- Excerpted data:
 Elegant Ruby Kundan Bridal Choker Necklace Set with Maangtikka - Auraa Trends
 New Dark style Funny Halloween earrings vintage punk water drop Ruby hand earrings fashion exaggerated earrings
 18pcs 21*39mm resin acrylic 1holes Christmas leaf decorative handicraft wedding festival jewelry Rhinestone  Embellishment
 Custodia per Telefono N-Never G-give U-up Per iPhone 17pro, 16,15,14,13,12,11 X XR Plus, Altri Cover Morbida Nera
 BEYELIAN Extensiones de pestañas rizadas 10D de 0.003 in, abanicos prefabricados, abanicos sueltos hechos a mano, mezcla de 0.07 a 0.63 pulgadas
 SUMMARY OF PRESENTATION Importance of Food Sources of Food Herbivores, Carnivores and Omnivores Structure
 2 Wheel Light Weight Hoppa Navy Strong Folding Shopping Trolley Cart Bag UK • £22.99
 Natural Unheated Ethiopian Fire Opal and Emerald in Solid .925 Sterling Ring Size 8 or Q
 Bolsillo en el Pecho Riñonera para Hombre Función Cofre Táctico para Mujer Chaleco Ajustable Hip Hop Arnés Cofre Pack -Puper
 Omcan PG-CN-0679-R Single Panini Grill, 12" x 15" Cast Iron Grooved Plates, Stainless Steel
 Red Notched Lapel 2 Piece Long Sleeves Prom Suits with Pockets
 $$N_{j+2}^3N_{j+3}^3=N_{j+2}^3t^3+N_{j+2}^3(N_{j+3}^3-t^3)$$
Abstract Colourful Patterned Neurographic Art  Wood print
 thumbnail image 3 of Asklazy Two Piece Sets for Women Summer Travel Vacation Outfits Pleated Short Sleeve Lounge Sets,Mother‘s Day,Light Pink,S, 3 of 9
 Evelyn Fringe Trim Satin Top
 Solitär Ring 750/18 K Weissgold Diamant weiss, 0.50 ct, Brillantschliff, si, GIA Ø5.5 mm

- What the task requires: Nothing but the lines from the start of the data above through the line with "Natural Unheated Ethiopian" should appear in your answer, copied exactly.

- Answer to the exercise:
 Elegant Ruby Kundan Bridal Choker Necklace Set with Maangtikka - Auraa Trends
 New Dark style Funny Halloween earrings vintage punk water drop Ruby hand earrings fashion exaggerated earrings
 18pcs 21*39mm resin acrylic 1holes Christmas leaf decorative handicraft wedding festival jewelry Rhinestone  Embellishment
 Custodia per Telefono N-Never G-give U-up Per iPhone 17pro, 16,15,14,13,12,11 X XR Plus, Altri Cover Morbida Nera
 BEYELIAN Extensiones de pestañas rizadas 10D de 0.003 in, abanicos prefabricados, abanicos sueltos hechos a mano, mezcla de 0.07 a 0.63 pulgadas
 SUMMARY OF PRESENTATION Importance of Food Sources of Food Herbivores, Carnivores and Omnivores Structure
 2 Wheel Light Weight Hoppa Navy Strong Folding Shopping Trolley Cart Bag UK • £22.99
 Natural Unheated Ethiopian Fire Opal and Emerald in Solid .925 Sterling Ring Size 8 or Q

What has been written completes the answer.